Mas Huber não quer saber disso. Pelo contrário. Ele chuta a bola por cima do gol, no meio das faixas de propaganda dos patrocinadores. "Eu proponho que escolhemos alguém da platéia para participar."

"Seria fácil demais dizer que os brasileiros têm o futebol no sangue." O olhar de Breitner anda pelo público. "Mas o que realmente faz uma grande diferença, é a motricidade dos brasileiros. O brasileiro se movimenta com a bola, a bola vira parte do seu corpo, enquanto para nós, alemães, a bola é nosso maior inimigo. Há um segundo motivo: a Alemanha atingiu um grau de bem-estar, que faz com que os nossos filhos não sintam tanto a necessidade de ter que lutar, correr, bater bola, e de ter a esperança de, através do futebol, melhorar suas vidas. Como foi quando eu era criança."

"Meu nome é Kerstin e trabalho no consulado alemão", diz a mulher de cabelo vermelho que foi escolhida para participar do chuta-gol.

"Viajando pelo Rio de Janeiro ou São Paulo, vi que onde há uma área livre, seja um estacionamento, seja o que for, sempre há alguém jogando bola, 2 contra 2, 5 contra 5 ou 11 contra 11, e isso é uma fonte para o futuro, é uma fonte para que, no futuro do Brasil, não exista apenas um só Paulo Sérgio ou um Ronaldo, mas algumas dúzias deles." Breitner erra a bola. Agora, chegou a vez de Paulo Sérgio. Está tudo nas mãos dele, mas ele também erra e chuta a bola para fora.

De salto alto, Kerstin leva a melhor e acerta a bola com um chute seco. "Não treinei isso antes, viu, eu juro", diz Kerstin do consulado alemão. Motricidade ou não, tanto faz, o futebol está simplesmente no sangue dos alemães.

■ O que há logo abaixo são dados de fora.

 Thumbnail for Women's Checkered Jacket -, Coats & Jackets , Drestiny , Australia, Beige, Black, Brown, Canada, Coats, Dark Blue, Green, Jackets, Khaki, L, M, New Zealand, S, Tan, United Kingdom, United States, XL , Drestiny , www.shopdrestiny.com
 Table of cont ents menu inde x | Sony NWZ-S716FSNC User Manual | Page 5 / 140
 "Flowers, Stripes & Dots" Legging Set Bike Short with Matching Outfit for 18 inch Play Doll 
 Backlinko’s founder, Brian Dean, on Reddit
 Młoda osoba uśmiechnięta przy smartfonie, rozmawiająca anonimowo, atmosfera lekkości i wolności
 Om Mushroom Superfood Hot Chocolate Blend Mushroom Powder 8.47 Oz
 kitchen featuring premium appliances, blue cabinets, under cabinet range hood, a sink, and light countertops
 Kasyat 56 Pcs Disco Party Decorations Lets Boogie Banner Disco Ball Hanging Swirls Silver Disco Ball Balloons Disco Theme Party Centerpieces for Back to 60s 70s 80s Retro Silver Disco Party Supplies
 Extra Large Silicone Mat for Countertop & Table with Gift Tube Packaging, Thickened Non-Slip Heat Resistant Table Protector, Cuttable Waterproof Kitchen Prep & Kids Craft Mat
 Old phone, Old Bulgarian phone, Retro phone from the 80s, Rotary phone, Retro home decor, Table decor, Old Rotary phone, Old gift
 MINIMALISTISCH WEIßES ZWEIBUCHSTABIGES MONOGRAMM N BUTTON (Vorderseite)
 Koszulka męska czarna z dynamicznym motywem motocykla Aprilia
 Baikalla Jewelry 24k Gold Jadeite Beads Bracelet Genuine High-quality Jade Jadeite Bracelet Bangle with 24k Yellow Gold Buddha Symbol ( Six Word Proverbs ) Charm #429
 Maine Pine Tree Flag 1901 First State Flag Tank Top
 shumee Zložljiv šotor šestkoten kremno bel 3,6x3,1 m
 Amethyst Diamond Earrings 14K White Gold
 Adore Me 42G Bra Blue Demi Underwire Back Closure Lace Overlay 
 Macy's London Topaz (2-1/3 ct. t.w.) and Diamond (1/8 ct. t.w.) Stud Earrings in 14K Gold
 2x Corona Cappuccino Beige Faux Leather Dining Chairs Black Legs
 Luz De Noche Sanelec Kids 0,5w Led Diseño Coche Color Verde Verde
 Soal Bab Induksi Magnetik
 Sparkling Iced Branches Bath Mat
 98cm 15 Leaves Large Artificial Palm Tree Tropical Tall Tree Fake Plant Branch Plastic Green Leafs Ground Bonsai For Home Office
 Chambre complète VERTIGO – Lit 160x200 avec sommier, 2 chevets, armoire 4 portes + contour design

Texto + Fotos: Thomas Milz

Temos mais uma pequena surpresa, um extra para nossos leitores que gostam tanto de futebol. E olha que o que o Breitner demora meia hora para dizer, o Paulo Sérgio fala em três frases:

Alguém vai conseguir vencer o Brasil na Copa de 2006?
Paulo Sérgio: Bom, espero que não. Espero que o Brasil possa ser o vencedor. Equipe nós temos. Grandes jogadores nós temos. Acho que, com uma boa preparação e jogadores concentrados para esse objetivo de vencer a Copa do mundo, nós temos grandes chances.

E a Argentina?
Paulo Sérgio: Argentina é sempre uma favorita também. Temos grandes equipes aí, que são favoritas, mas acho que o Brasil, se se concentrar e todos os jogadores mostrarem seu potencial, tem grande chance de ganhar.

E a Alemanha?
Paulo Sérgio: a Alemanha é sempre uma força, e sempre demonstrou isso. Como na última Copa do mundo, quando demonstrou um grande futebol, o que ninguém esperava. São disciplinados. A característica dos jogadores é de vencer, e eu creio que eles estão se preparando para isso.